Task statement: When you transcribe the listing that follows, keep every line exact and skip any picture.

Available data:
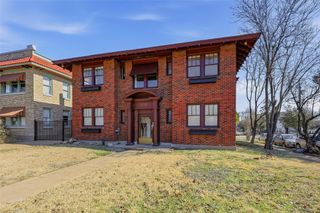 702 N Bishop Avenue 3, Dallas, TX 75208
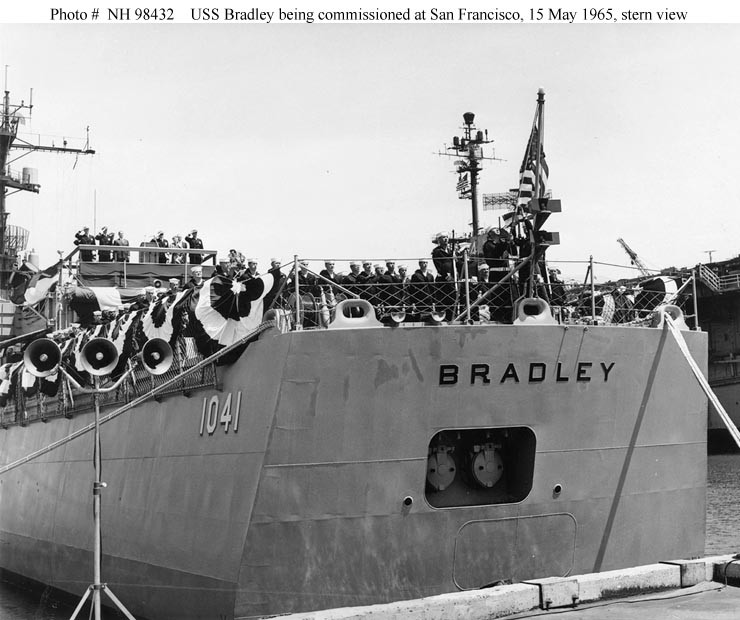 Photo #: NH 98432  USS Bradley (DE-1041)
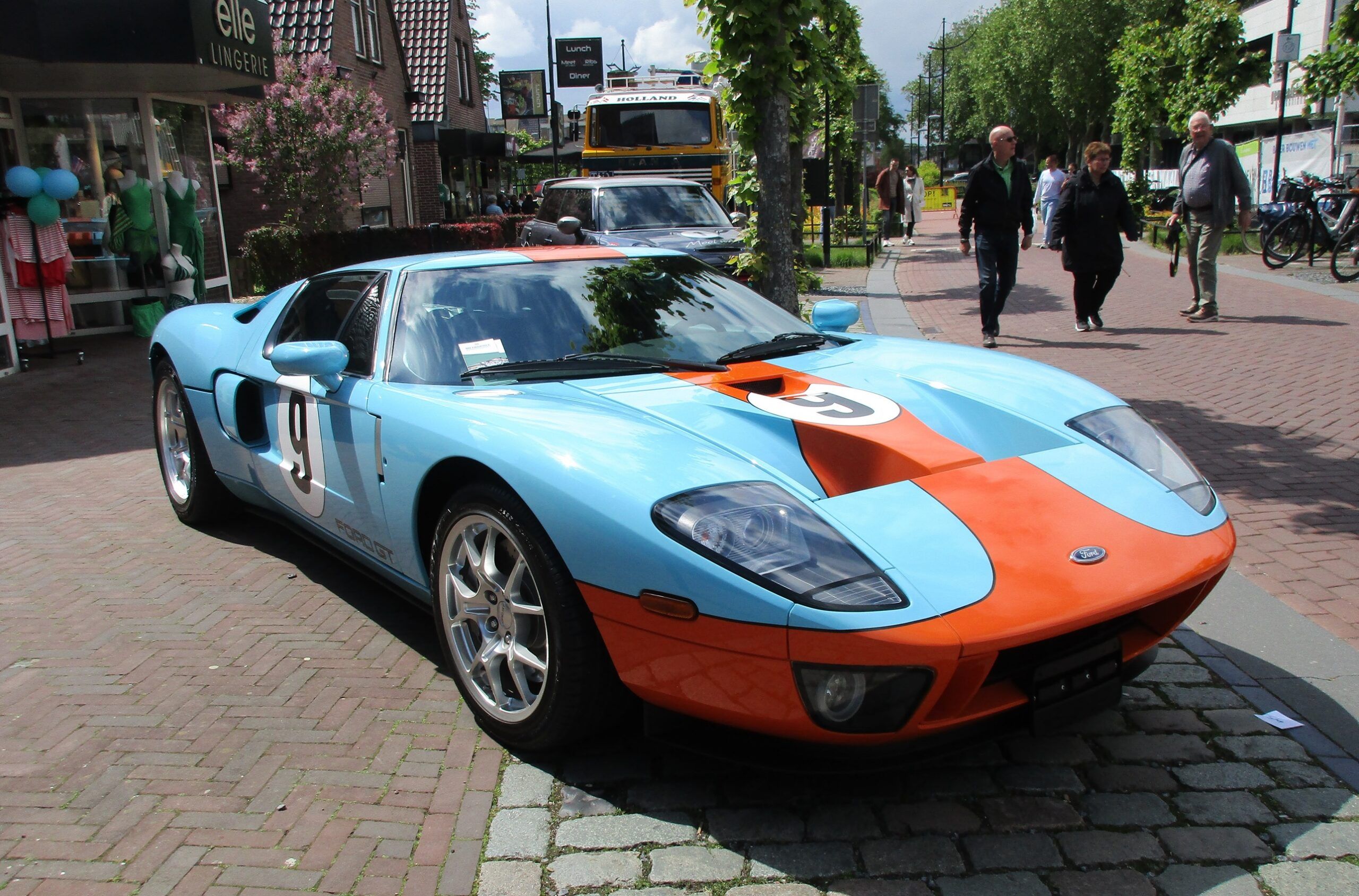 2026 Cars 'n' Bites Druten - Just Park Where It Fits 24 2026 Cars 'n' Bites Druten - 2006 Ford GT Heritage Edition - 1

Result of the task:
 702 N Bishop Avenue 3, Dallas, TX 75208
 Photo #: NH 98432  USS Bradley (DE-1041)
 2026 Cars 'n' Bites Druten - Just Park Where It Fits 24 2026 Cars 'n' Bites Druten - 2006 Ford GT Heritage Edition - 1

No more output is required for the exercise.